Data normalization (be it rarefying or another technique) is a separate process from estimating the effective number of species in a sample (alpha diversity values).
There is not one normalization technique, and different techniques are required depending on what you're trying to do:
If you're following along a classic tutorial, it's likely that you first rarefied your data, then calculated alpha diversity values. That's one way to go about normalization, though there are many others. See the recent SRS tool, for example. I would suggest that your linear model uses the same normalized data (in SPSS) if you're comparing to your KW result.

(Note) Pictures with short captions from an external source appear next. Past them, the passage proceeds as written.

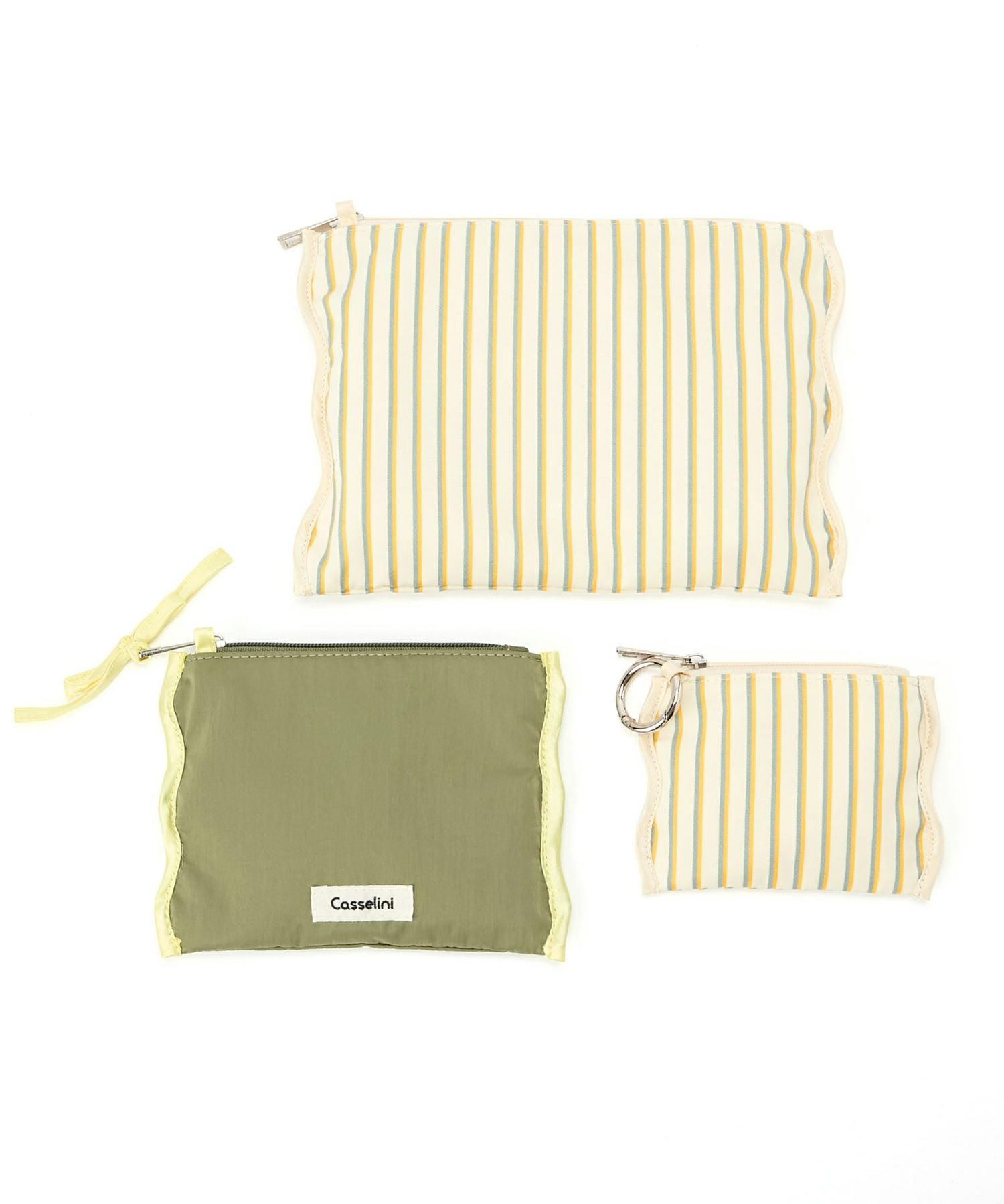 Casselini(キャセリーニ)ストライプポーチセット | CASSELINI ONLINE SHOP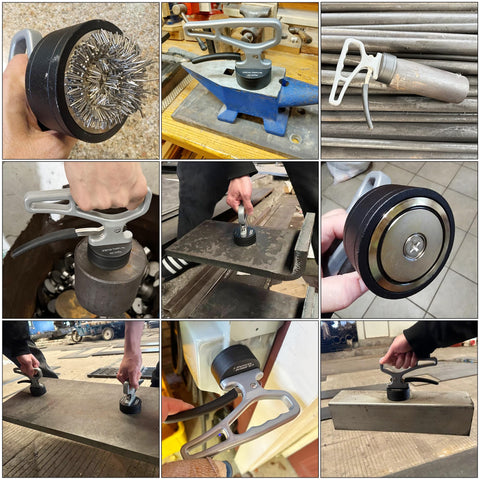 ULIBERMAGNET portable material collector ready for shop-floor use.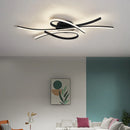 Modern Black LED Ceiling Light Fixture for Home Decoration by Ljojo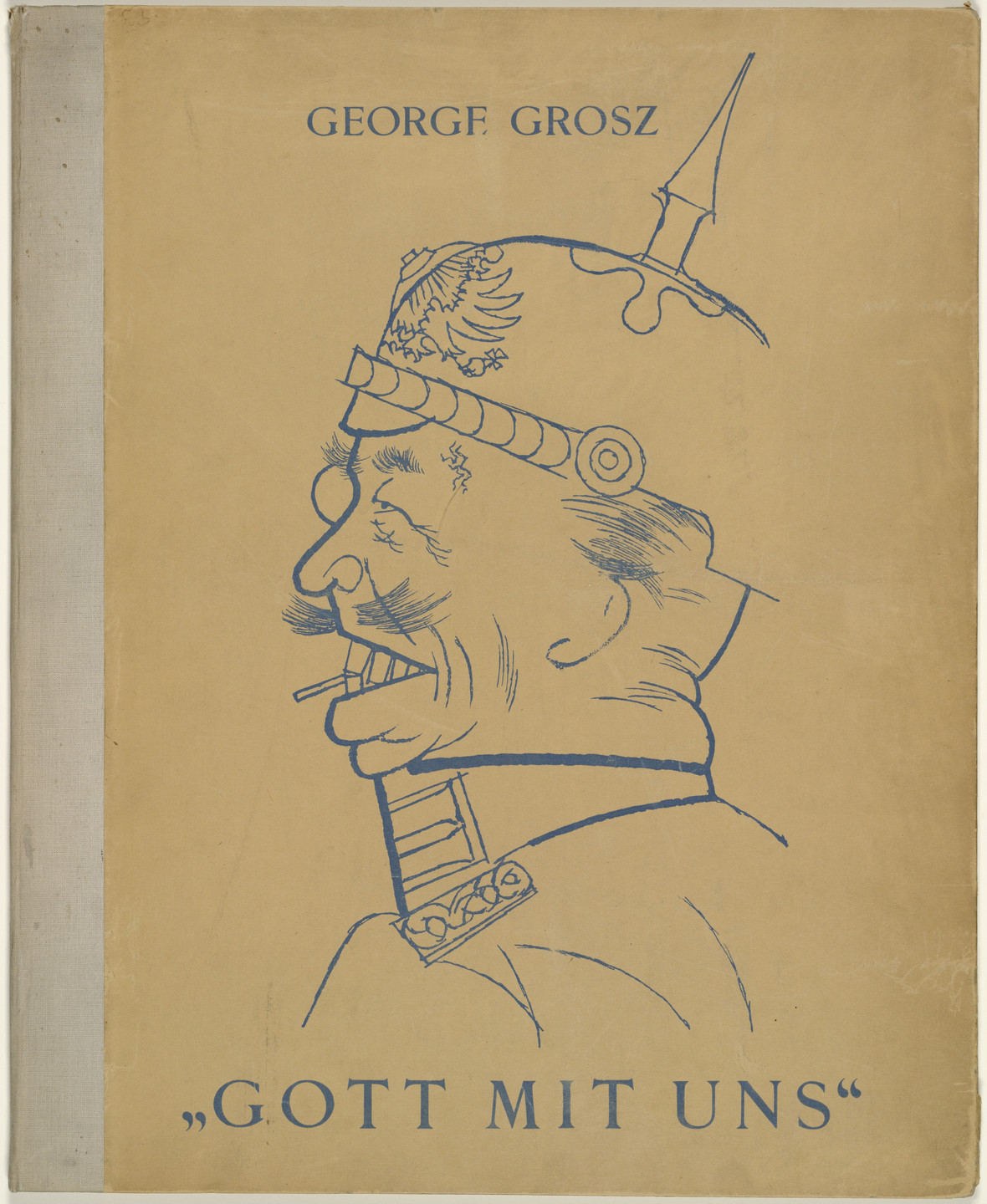 George Grosz. Cover from the portfolio God with Us (Gott mit uns). 1919, published 1920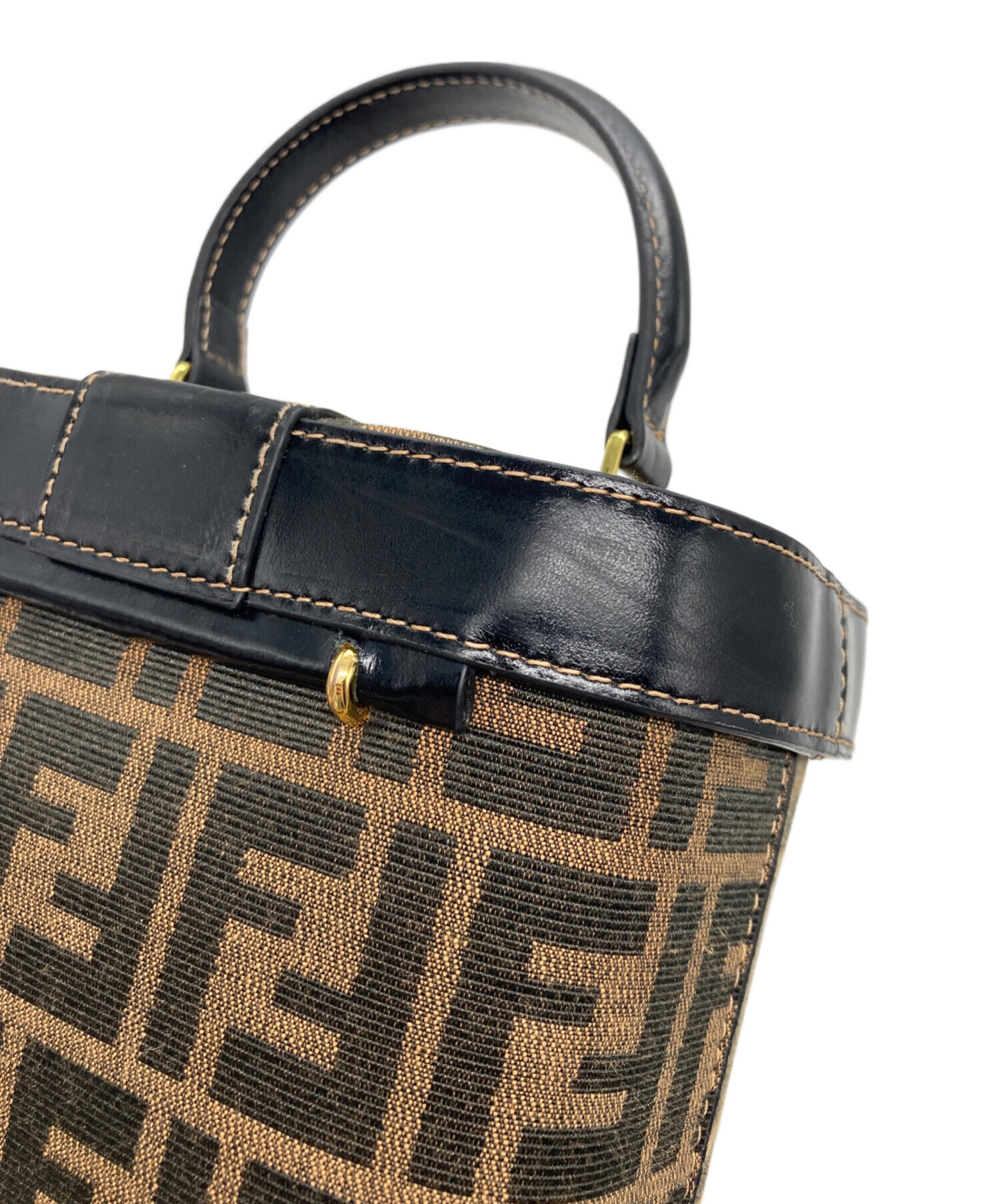 中古・古着通販】FENDI (フェンディ) バニティバッグ ブラウン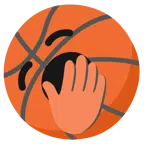 Basketball + gähnendes Gesicht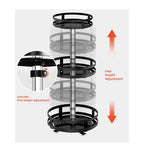 360°Rotation Spice Rack Organizer Jar Cans Non-Skid Storage Tray for Seasonings Kitchen storage rack Kitchen Accessories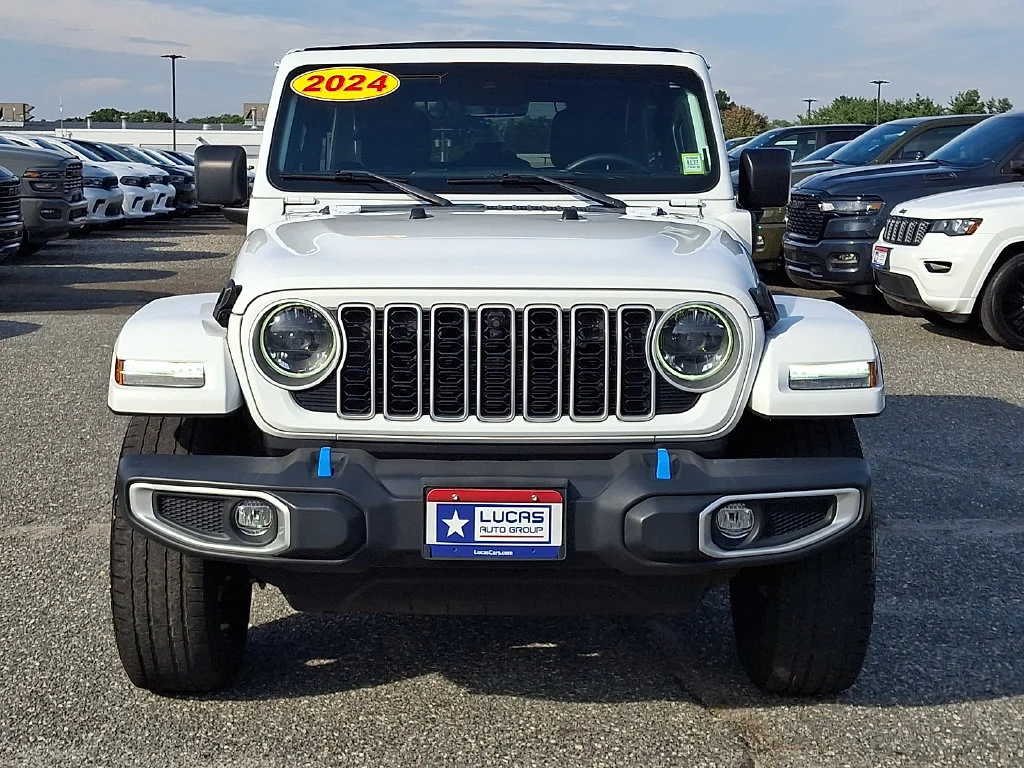 Used 2024 White Jeep Sahara 4xe image 4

Minor clarification: my earlier response assumed QIIME 2 alpha group significance was running one of a range of possible post hoc tests, but it appears it's running KW for each group separately? I defer to the developers and users of the forum for the appropriateness of such an action, but would encourage you to apply a Dunn's test to see if your pairwise comparisons match what is provided with the QIIME approach. In particular, any pairwise test needs to be mindful of multiple test corrections, which a post hoc test like Dunn's applies (usually automatically). With just 3 groups, you have just 3 comparisons, so it might not matter. But if you have, say, 7 groups that's k(k-1)/2
21 tests...
The labels aren't incorrect insofar as they reflect your observed pairwise pvalues: the question is whether those pvalues are derived by the appropriate pairwise test, and whether they should be adjusted for multiple testing.